> Task requirements:
Once you find the line with "Make a sand" in the listing below, please repeat it and every later line exactly, through the last one, without pictures.

━━━

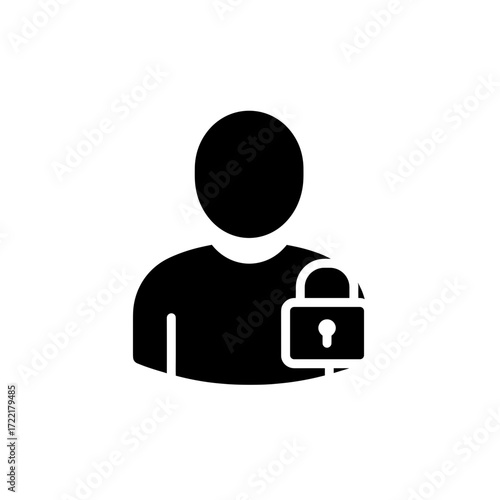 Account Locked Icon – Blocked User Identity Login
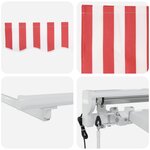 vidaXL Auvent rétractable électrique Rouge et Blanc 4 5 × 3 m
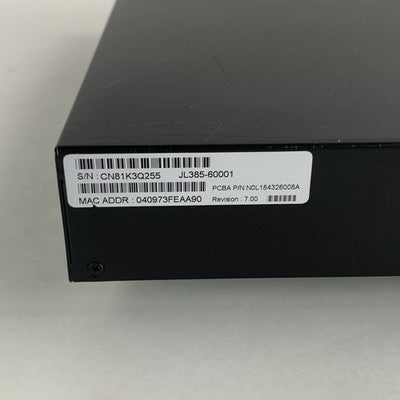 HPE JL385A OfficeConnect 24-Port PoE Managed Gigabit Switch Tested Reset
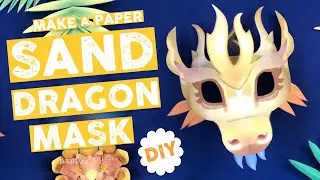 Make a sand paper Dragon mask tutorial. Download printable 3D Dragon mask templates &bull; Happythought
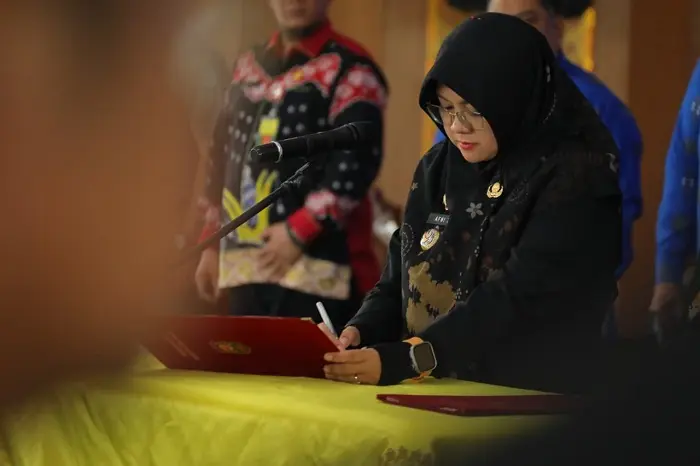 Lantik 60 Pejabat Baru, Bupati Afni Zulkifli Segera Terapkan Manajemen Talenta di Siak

━━━

> Solution for this exercise:
 Make a sand paper Dragon mask tutorial. Download printable 3D Dragon mask templates &bull; Happythought
 Lantik 60 Pejabat Baru, Bupati Afni Zulkifli Segera Terapkan Manajemen Talenta di Siak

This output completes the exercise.